[[ Raw data, beginning ]]

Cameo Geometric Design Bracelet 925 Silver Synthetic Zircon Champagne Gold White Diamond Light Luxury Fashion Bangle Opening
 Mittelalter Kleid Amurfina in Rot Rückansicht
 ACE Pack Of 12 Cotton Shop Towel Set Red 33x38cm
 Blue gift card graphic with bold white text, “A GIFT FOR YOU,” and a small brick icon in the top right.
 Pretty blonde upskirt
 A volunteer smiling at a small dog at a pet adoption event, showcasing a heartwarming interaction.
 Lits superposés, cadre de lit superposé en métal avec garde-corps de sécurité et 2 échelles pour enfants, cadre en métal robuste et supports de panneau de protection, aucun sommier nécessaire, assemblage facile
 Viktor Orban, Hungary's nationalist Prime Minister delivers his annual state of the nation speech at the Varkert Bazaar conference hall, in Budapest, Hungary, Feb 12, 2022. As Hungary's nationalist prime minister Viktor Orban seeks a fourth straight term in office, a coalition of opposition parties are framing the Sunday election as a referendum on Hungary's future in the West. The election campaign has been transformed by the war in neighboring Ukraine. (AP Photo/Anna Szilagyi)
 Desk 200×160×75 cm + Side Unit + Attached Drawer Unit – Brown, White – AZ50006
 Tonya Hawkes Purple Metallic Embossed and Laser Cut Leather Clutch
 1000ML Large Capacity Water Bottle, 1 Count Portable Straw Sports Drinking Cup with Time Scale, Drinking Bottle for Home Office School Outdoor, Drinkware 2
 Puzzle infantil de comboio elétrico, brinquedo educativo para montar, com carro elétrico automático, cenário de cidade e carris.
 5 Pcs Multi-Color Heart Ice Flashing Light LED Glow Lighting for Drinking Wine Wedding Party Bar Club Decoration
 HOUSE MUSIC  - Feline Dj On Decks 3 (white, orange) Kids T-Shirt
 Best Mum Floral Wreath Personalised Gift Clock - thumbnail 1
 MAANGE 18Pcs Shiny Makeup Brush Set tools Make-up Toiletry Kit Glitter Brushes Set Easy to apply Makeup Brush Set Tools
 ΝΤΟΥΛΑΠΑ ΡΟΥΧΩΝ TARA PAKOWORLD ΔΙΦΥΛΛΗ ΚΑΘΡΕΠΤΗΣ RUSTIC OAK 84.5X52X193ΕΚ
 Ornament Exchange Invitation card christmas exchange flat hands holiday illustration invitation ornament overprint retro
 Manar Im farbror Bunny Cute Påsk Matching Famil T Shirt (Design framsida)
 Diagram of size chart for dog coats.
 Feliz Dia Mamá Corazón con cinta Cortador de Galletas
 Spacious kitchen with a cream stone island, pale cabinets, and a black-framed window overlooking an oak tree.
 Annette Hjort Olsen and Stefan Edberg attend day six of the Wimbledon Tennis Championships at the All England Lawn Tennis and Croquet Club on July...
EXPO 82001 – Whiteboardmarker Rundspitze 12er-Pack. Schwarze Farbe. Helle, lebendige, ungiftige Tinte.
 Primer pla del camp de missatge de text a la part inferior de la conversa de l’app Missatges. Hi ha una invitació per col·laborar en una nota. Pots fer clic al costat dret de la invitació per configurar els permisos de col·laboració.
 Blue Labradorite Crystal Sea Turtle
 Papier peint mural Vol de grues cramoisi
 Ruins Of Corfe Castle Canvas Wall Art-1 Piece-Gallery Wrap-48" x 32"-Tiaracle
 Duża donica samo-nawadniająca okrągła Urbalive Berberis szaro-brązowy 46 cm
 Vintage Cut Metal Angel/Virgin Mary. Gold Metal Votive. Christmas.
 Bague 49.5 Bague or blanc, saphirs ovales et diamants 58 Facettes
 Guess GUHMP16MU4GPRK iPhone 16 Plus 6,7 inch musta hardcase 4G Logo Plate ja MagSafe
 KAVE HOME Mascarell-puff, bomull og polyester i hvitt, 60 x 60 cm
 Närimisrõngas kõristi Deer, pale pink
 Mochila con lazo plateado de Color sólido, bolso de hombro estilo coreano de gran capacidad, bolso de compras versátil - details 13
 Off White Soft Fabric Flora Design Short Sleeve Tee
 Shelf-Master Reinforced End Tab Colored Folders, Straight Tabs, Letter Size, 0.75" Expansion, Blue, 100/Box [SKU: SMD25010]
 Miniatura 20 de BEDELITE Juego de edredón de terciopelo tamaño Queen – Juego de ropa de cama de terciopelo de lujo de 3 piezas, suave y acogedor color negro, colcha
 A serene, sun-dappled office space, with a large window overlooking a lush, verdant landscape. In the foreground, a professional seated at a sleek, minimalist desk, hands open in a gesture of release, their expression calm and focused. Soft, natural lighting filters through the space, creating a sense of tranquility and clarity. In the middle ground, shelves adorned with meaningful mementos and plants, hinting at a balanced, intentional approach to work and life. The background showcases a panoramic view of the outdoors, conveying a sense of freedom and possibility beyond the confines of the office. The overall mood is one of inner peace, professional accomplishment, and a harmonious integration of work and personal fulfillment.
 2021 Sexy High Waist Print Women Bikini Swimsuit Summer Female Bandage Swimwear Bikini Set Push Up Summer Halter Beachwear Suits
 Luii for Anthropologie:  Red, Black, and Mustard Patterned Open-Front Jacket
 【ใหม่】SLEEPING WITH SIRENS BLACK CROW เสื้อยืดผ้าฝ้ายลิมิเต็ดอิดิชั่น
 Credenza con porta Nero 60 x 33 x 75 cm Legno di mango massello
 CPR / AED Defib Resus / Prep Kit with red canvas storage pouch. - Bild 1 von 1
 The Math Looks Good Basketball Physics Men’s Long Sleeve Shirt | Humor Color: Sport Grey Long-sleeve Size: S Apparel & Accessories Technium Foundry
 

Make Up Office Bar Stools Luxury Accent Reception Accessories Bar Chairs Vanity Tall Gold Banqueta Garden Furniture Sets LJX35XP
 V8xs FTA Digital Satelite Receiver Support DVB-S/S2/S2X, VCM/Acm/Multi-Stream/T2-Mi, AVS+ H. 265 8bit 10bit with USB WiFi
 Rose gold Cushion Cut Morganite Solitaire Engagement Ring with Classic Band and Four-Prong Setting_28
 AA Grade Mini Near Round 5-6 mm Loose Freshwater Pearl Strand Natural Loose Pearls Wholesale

[[ Raw data, end ]]

Work to complete: Repeat the entire listing above, keeping every line exactly the same.

Result for this exercise:
Cameo Geometric Design Bracelet 925 Silver Synthetic Zircon Champagne Gold White Diamond Light Luxury Fashion Bangle Opening
 Mittelalter Kleid Amurfina in Rot Rückansicht
 ACE Pack Of 12 Cotton Shop Towel Set Red 33x38cm
 Blue gift card graphic with bold white text, “A GIFT FOR YOU,” and a small brick icon in the top right.
 Pretty blonde upskirt
 A volunteer smiling at a small dog at a pet adoption event, showcasing a heartwarming interaction.
 Lits superposés, cadre de lit superposé en métal avec garde-corps de sécurité et 2 échelles pour enfants, cadre en métal robuste et supports de panneau de protection, aucun sommier nécessaire, assemblage facile
 Viktor Orban, Hungary's nationalist Prime Minister delivers his annual state of the nation speech at the Varkert Bazaar conference hall, in Budapest, Hungary, Feb 12, 2022. As Hungary's nationalist prime minister Viktor Orban seeks a fourth straight term in office, a coalition of opposition parties are framing the Sunday election as a referendum on Hungary's future in the West. The election campaign has been transformed by the war in neighboring Ukraine. (AP Photo/Anna Szilagyi)
 Desk 200×160×75 cm + Side Unit + Attached Drawer Unit – Brown, White – AZ50006
 Tonya Hawkes Purple Metallic Embossed and Laser Cut Leather Clutch
 1000ML Large Capacity Water Bottle, 1 Count Portable Straw Sports Drinking Cup with Time Scale, Drinking Bottle for Home Office School Outdoor, Drinkware 2
 Puzzle infantil de comboio elétrico, brinquedo educativo para montar, com carro elétrico automático, cenário de cidade e carris.
 5 Pcs Multi-Color Heart Ice Flashing Light LED Glow Lighting for Drinking Wine Wedding Party Bar Club Decoration
 HOUSE MUSIC  - Feline Dj On Decks 3 (white, orange) Kids T-Shirt
 Best Mum Floral Wreath Personalised Gift Clock - thumbnail 1
 MAANGE 18Pcs Shiny Makeup Brush Set tools Make-up Toiletry Kit Glitter Brushes Set Easy to apply Makeup Brush Set Tools
 ΝΤΟΥΛΑΠΑ ΡΟΥΧΩΝ TARA PAKOWORLD ΔΙΦΥΛΛΗ ΚΑΘΡΕΠΤΗΣ RUSTIC OAK 84.5X52X193ΕΚ
 Ornament Exchange Invitation card christmas exchange flat hands holiday illustration invitation ornament overprint retro
 Manar Im farbror Bunny Cute Påsk Matching Famil T Shirt (Design framsida)
 Diagram of size chart for dog coats.
 Feliz Dia Mamá Corazón con cinta Cortador de Galletas
 Spacious kitchen with a cream stone island, pale cabinets, and a black-framed window overlooking an oak tree.
 Annette Hjort Olsen and Stefan Edberg attend day six of the Wimbledon Tennis Championships at the All England Lawn Tennis and Croquet Club on July...
EXPO 82001 – Whiteboardmarker Rundspitze 12er-Pack. Schwarze Farbe. Helle, lebendige, ungiftige Tinte.
 Primer pla del camp de missatge de text a la part inferior de la conversa de l’app Missatges. Hi ha una invitació per col·laborar en una nota. Pots fer clic al costat dret de la invitació per configurar els permisos de col·laboració.
 Blue Labradorite Crystal Sea Turtle
 Papier peint mural Vol de grues cramoisi
 Ruins Of Corfe Castle Canvas Wall Art-1 Piece-Gallery Wrap-48" x 32"-Tiaracle
 Duża donica samo-nawadniająca okrągła Urbalive Berberis szaro-brązowy 46 cm
 Vintage Cut Metal Angel/Virgin Mary. Gold Metal Votive. Christmas.
 Bague 49.5 Bague or blanc, saphirs ovales et diamants 58 Facettes
 Guess GUHMP16MU4GPRK iPhone 16 Plus 6,7 inch musta hardcase 4G Logo Plate ja MagSafe
 KAVE HOME Mascarell-puff, bomull og polyester i hvitt, 60 x 60 cm
 Närimisrõngas kõristi Deer, pale pink
 Mochila con lazo plateado de Color sólido, bolso de hombro estilo coreano de gran capacidad, bolso de compras versátil - details 13
 Off White Soft Fabric Flora Design Short Sleeve Tee
 Shelf-Master Reinforced End Tab Colored Folders, Straight Tabs, Letter Size, 0.75" Expansion, Blue, 100/Box [SKU: SMD25010]
 Miniatura 20 de BEDELITE Juego de edredón de terciopelo tamaño Queen – Juego de ropa de cama de terciopelo de lujo de 3 piezas, suave y acogedor color negro, colcha
 A serene, sun-dappled office space, with a large window overlooking a lush, verdant landscape. In the foreground, a professional seated at a sleek, minimalist desk, hands open in a gesture of release, their expression calm and focused. Soft, natural lighting filters through the space, creating a sense of tranquility and clarity. In the middle ground, shelves adorned with meaningful mementos and plants, hinting at a balanced, intentional approach to work and life. The background showcases a panoramic view of the outdoors, conveying a sense of freedom and possibility beyond the confines of the office. The overall mood is one of inner peace, professional accomplishment, and a harmonious integration of work and personal fulfillment.
 2021 Sexy High Waist Print Women Bikini Swimsuit Summer Female Bandage Swimwear Bikini Set Push Up Summer Halter Beachwear Suits
 Luii for Anthropologie:  Red, Black, and Mustard Patterned Open-Front Jacket
 【ใหม่】SLEEPING WITH SIRENS BLACK CROW เสื้อยืดผ้าฝ้ายลิมิเต็ดอิดิชั่น
 Credenza con porta Nero 60 x 33 x 75 cm Legno di mango massello
 CPR / AED Defib Resus / Prep Kit with red canvas storage pouch. - Bild 1 von 1
 The Math Looks Good Basketball Physics Men’s Long Sleeve Shirt | Humor Color: Sport Grey Long-sleeve Size: S Apparel & Accessories Technium Foundry
 

Make Up Office Bar Stools Luxury Accent Reception Accessories Bar Chairs Vanity Tall Gold Banqueta Garden Furniture Sets LJX35XP
 V8xs FTA Digital Satelite Receiver Support DVB-S/S2/S2X, VCM/Acm/Multi-Stream/T2-Mi, AVS+ H. 265 8bit 10bit with USB WiFi
 Rose gold Cushion Cut Morganite Solitaire Engagement Ring with Classic Band and Four-Prong Setting_28
 AA Grade Mini Near Round 5-6 mm Loose Freshwater Pearl Strand Natural Loose Pearls Wholesale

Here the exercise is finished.